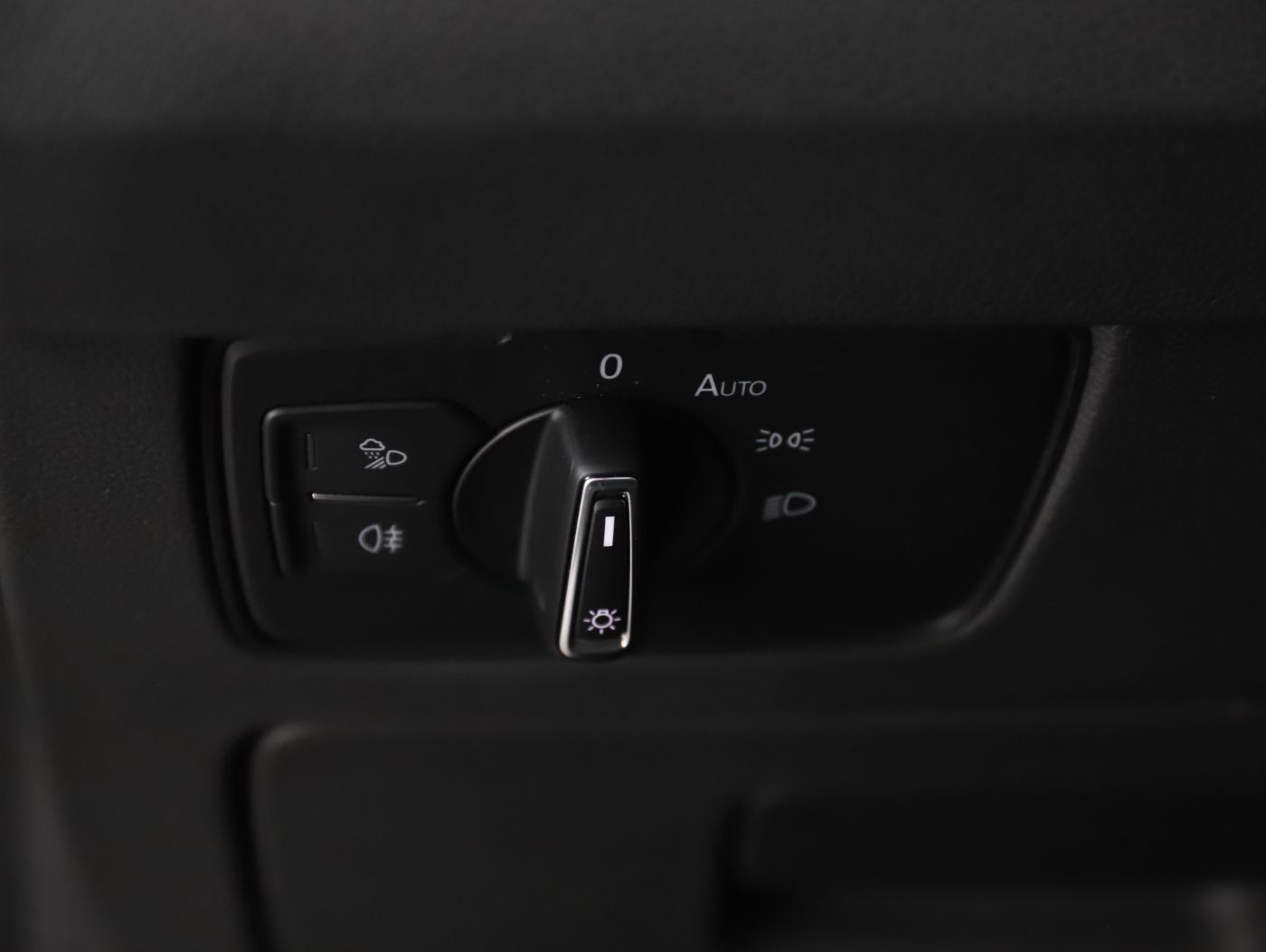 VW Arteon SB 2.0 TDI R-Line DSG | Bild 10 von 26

────────────────────────────────────────

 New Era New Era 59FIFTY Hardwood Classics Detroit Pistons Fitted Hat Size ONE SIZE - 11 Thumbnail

────────────────────────────────────────

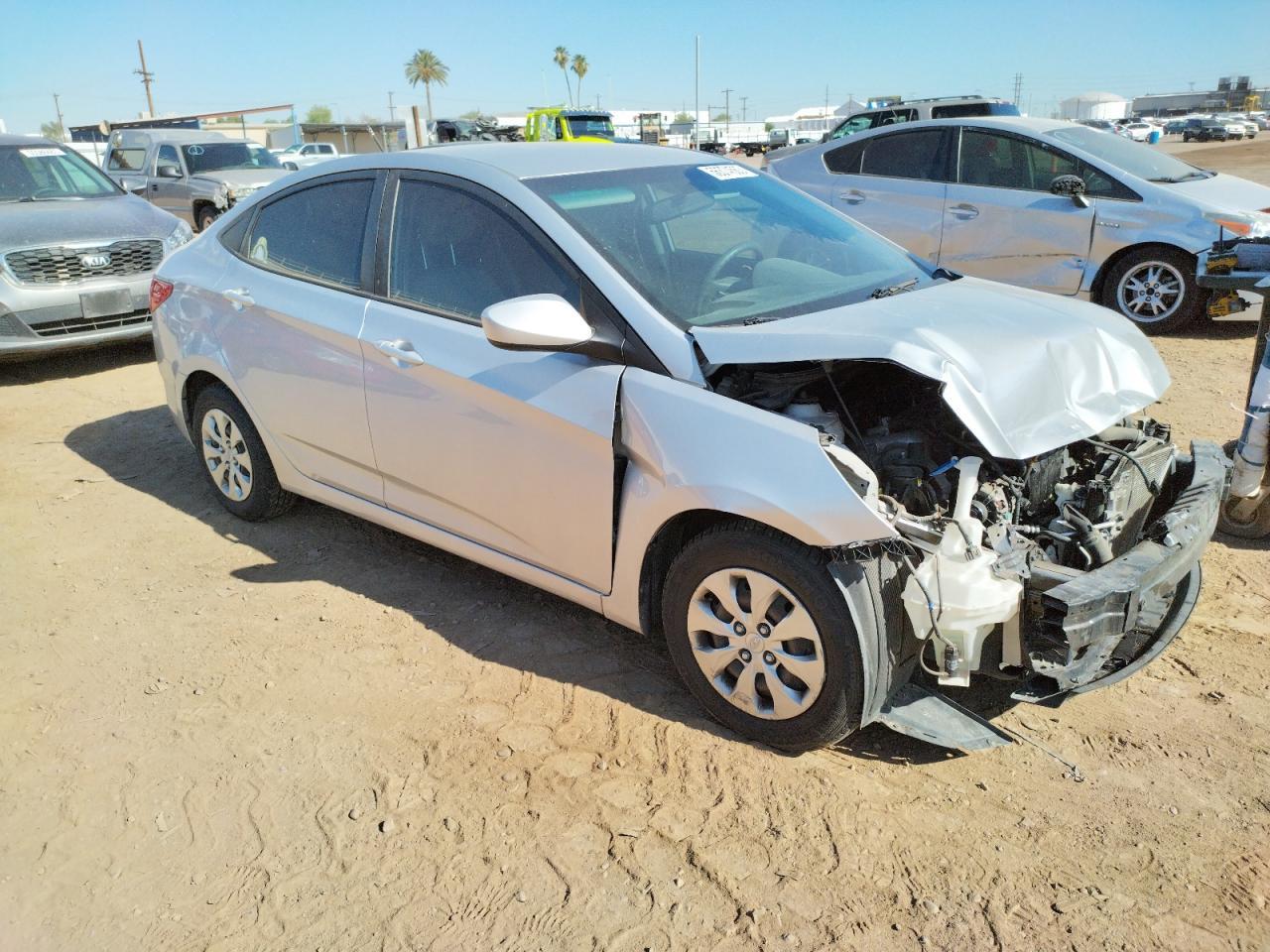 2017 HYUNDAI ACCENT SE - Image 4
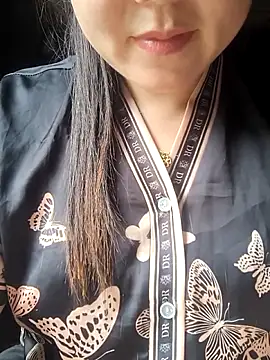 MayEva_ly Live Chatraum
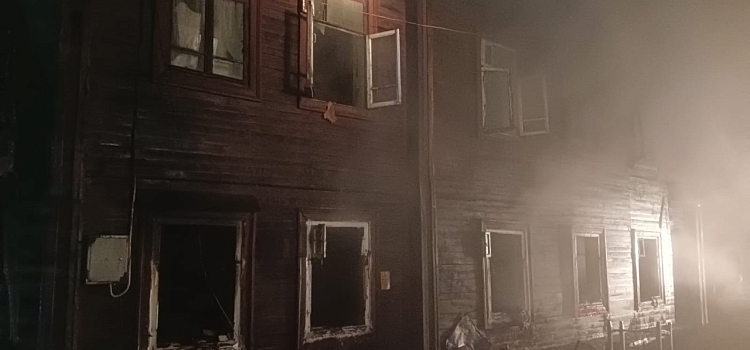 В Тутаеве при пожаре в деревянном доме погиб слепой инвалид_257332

────────────────────────────────────────

From the records above, copy exactly the stretch from the line holding "2017 HYUNDAI ACCENT SE - Image 4" through the line holding "В Тутаеве при", both ends included, without the pictures.

 2017 HYUNDAI ACCENT SE - Image 4
 MayEva_ly Live Chatraum
 В Тутаеве при пожаре в деревянном доме погиб слепой инвалид_257332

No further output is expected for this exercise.